# Composting



## Malexis (Apr 26, 2009)

Im researching composting as im thinking about starting to do it, but have no clue ow to start. One thing i've seen on a few web sites is to not compost ret waste as it may have stuff in it that could harm people (probably if doing fruits or veggies) but does this include rabbit waste?

If i can compost rabbit waste how would i go about this? I mainly use carefresh, but i aslso use wood stove pellets on occasion (and maybe more often soon) are these able to be thrown in compost two or do i need a grate over the litter so i can seperate the poo's? Would the pee be bad if it was mixed in to? Anyother advice?


----------



## Malexis (Apr 26, 2009)

I cant edit my post yet so i just wanted to add:

If i do vermicomposting (which is using worms and kitchen scraps) will i still be able to use rabbit poo as opposed to regular composting which mostly uses garden scraps?


----------



## jcottonl02 (Apr 27, 2009)

Rabbit poop makes an absolutely fantastic compost!!
We put all grass cuttings, vegetable peelings that the rabbits can't have like potato skins, leaves and weeds and we put that in the compost bin in the garden, with plenty of moisture, and with the rabbit droppings! Let it compost over time- I'm not entirely sure how long it takes but the longer you leave it the better the compost! Leaving it a good few months to really compost down is great.
Then spread it over your flower beds and start using it!

I use Bio Catolet litter- it is completely safe to use with rabbits. It is completely compostable, completely dust free, and very environmentally friendly. 
So this goes into the compost too, as it is 100% biodegradable and compostible. 

https://www.thehayexperts.co.uk/Litter.11/Bio-Catolet+:+25ltr.149.html


----------



## Sabine (Apr 28, 2009)

I use straw pellets, straw and hay as litter and the whole lot goes into the compost. I found though that it only composts well if mixed with lots of wet materials like kitchen scraps or grass clippings. i usually have too much rabbit waste to get the right mixture I found the rabbit litter alone doesn't compost very well.


----------



## tonyshuman (Apr 28, 2009)

I have read you can do vermicomposting with rabbit poo. Rabbit poo can be put directly on plants as well, as long as you don't put urine-soaked litter right on plants. I am limited by not having a backyard, although I am blessed with a nice, large, screened-in porch. I plan on making rabbit poo "tea" compost, or perhaps doing vermicomposting with a 2-sided bin, once I have all my plants in their pots.

Currently, I'm mixing old and new potting soil with rabbit poo in a big rubbermaid tub on the porch. In a few weeks, I'll fill my hanging baskets with soil from this bin and plant.

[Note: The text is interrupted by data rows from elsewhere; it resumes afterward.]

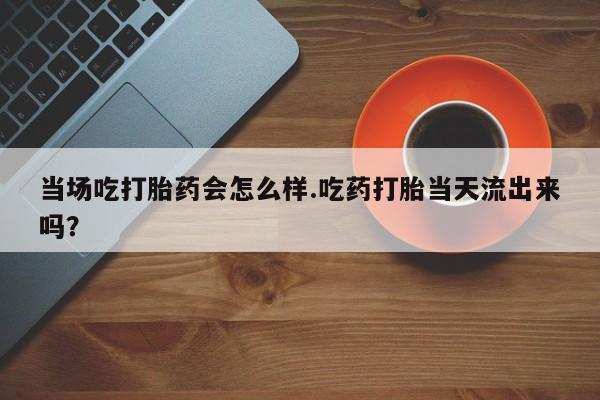 打胎药专门卖店米非司酮片哪个网站当场吃打胎药会怎么样.吃药打胎当天流出来吗？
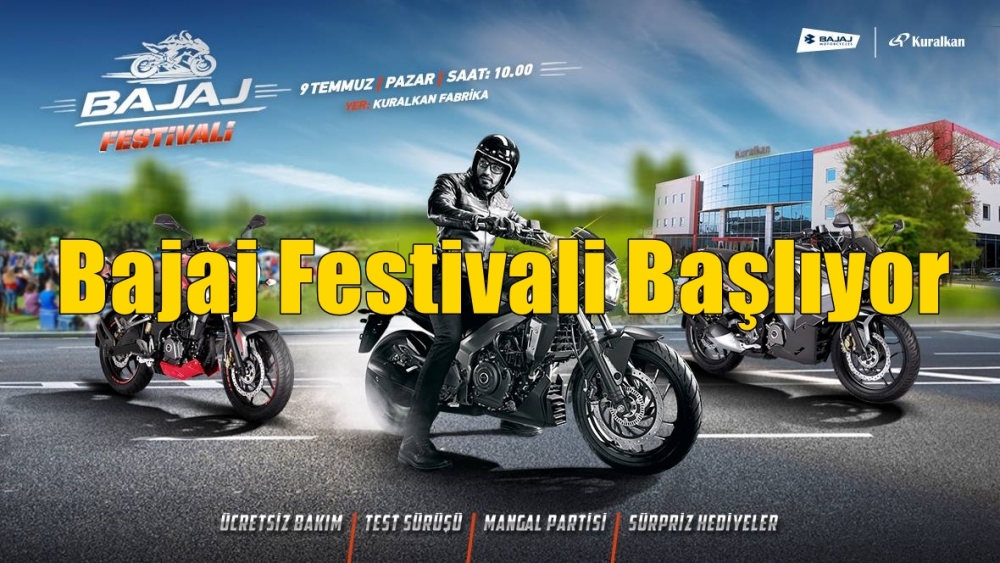 Bajaj Festivali Başlıyor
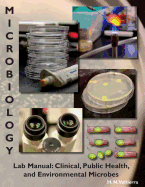 Microbiology Lab Manual: Lab Manual: Clinical, Public Health, and Environmental Microbes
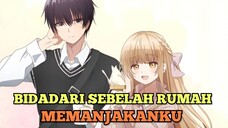 Bidadari Sebelah Rumah Memanjakanku | Anime Romance AMV | Otonari No Tenshi-Sama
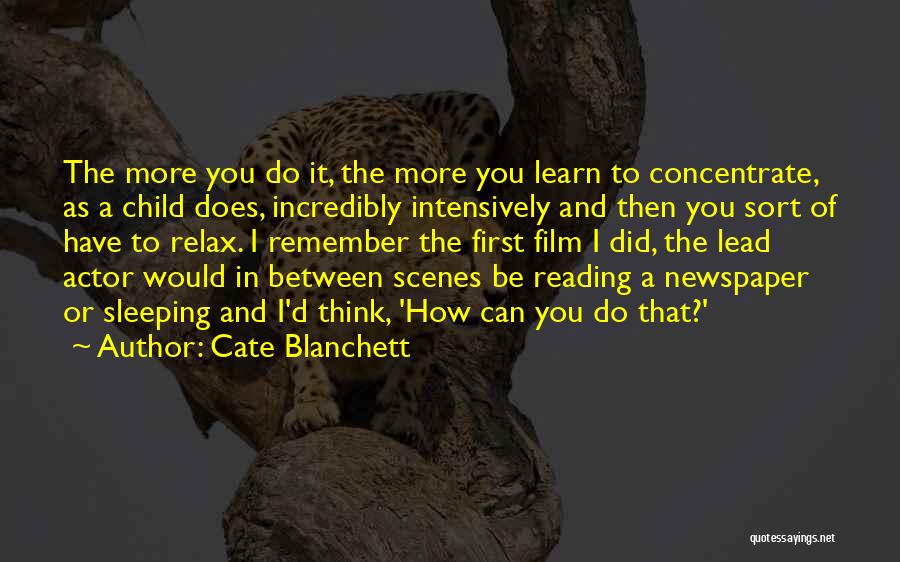 Cate Blanchett Quotes: The More You Do It, The More You Learn To Concentrate, As A Child Does, Incredibly Intensively And Then You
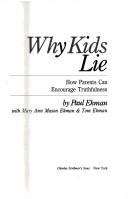 Cover of: Why kids lie: how parents can encourage truthfulness
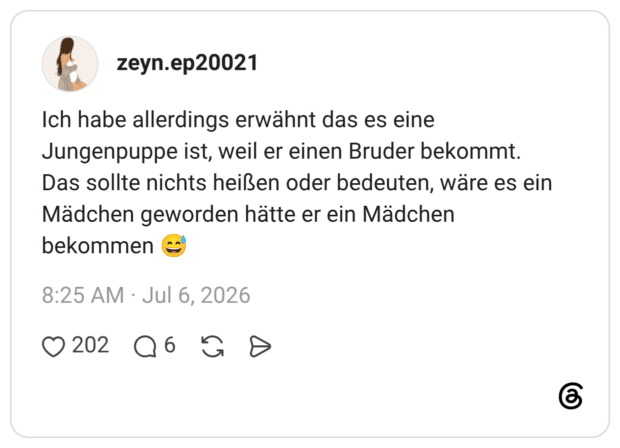 Ich habe allerdings erwähnt das es eine Jungenpuppe ist, weil er einen Bruder bekommt. Das sollte nichts heißen oder bedeuten, wäre es ein Mädchen geworden hätte er ein Mädchen bekommen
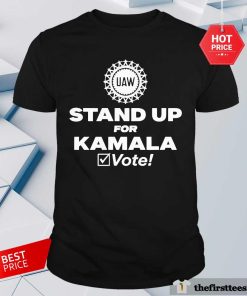 Official UAW Stand Up For Kamala Vote T-Shirt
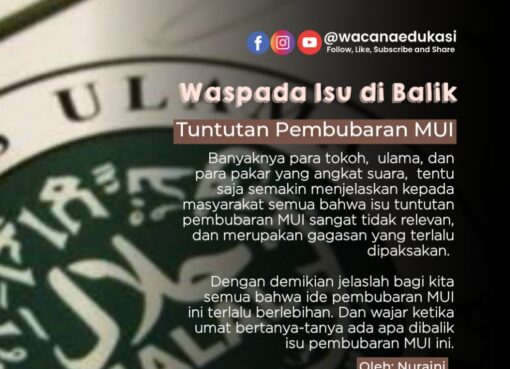 Waspada Isu di Balik Wacana Pembubaran MUI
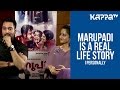 Marupadi is a Real Life Story(Part 3) - I Personally - Kappa TV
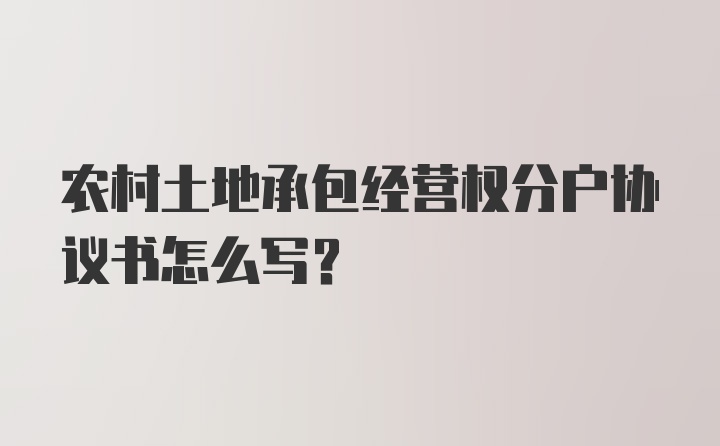 农村土地承包经营权分户协议书怎么写？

Then I'm planning on putting a porous divider into the bin. That way you can put worms in half, and once they've done their thing, they migrate through the divider into the other half, and you can use the casings they leave behind as fertilizer. My plan is to use old rabbit litter (I use the wood sawdust pellets) with poo, along with vegetable kitchen scraps (not that we make many) as substrate for the worms. I can then harvest the casings throughout the summer. I normally line the pans with newspaper, but I don't know if that can be composted.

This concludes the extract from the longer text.